Thursday, August 28, 2025

California Budget — August 28, 2025

 California's enacted fiscal year 2025-26 budget totals $321.1 billion in state funds, including $228.4 billion from the General Fund, to address a significant deficit exacerbated by rising Medi-Cal costs and slower-than-expected revenue growth. Key measures to close the gap include reinstating an asset test for Medi-Cal/IHSS, a two-year pause in OPEB contributions, and a 3% Personal Leave Program for state employees. Despite these actions, the budget is seen by some as a temporary fix that papers over underlying structural issues and a potential call for a future tax increase, with rising expenses in Medi-Cal and higher education remaining significant concerns. 

Budget Overview 
  • Total Spending: The 2025-26 budget allocates $321.1 billion in total state funds.

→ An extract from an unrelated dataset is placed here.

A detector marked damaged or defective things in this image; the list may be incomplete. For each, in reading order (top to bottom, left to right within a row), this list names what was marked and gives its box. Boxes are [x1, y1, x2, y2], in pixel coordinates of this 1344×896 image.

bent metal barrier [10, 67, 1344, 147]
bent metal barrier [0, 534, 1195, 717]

  • General Fund: The General Fund portion of the budget is $228.4 billion.
  • Special Funds: $88.8 billion comes from special funds.
  • Bond Funds: $3.9 billion is from bond funds.
Key Challenges & Measures
  • Budget Deficit:
    California faced a substantial deficit, largely due to unexpectedly high Medi-Cal enrollment and costs. 

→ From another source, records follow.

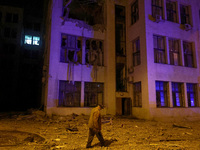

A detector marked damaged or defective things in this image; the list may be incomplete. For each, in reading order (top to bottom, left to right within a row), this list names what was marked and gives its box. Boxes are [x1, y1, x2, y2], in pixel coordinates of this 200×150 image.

broken window [60, 33, 81, 63]
broken window [85, 39, 103, 65]
damaged building [42, 0, 200, 121]
broken window [58, 81, 81, 106]
broken window [83, 82, 104, 108]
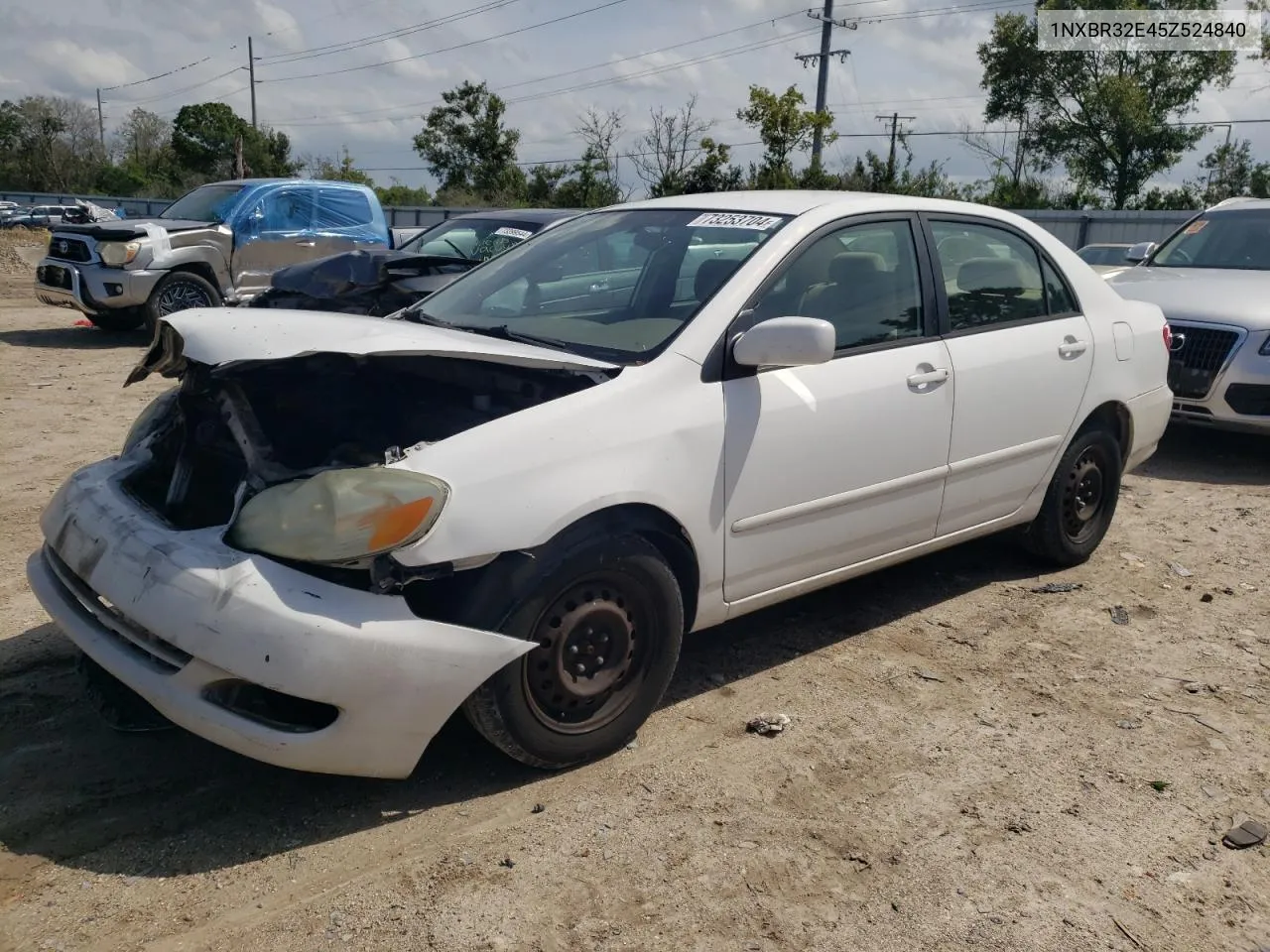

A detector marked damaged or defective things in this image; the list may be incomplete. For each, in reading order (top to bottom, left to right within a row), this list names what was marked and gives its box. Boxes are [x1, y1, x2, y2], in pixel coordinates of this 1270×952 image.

crumpled front hood [1103, 266, 1270, 329]
crumpled front hood [125, 307, 619, 385]
broken headlight [120, 387, 179, 454]
broken headlight [226, 468, 448, 563]
damaged white sedan [27, 189, 1175, 777]
cracked bumper [26, 458, 532, 777]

  • The budget includes a proposed pause on further expansion of the program and a potential $100 monthly premium for undocumented recipients already on Medi-Cal. 
  • Asset Test:
    To save money, the state is reinstating the asset test for Medi-Cal and IHSS eligibility, which was previously eliminated. 
  • Personal Leave Program (PLP):
    State employees will see a 3% reduction in take-home pay for two years (2025-2027), balanced by five hours of personal leave per month. 
  • OPEB Contributions:
    A pause on member contributions for future retiree health care costs is in effect for two years. 
Other Notable Issues
  • Higher Education:
    The budget maintains deferrals for the CSU and UC systems and reduces previously planned cuts. 
  • Structural Deficit:
    Some analysts believe the budget uses accounting maneuvers and reserve funds to mask a larger underlying structural deficit, signaling a potential need for future tax increases. 
  • Closing Prisons:
    The falling inmate population has led to plans to close additional state prisons.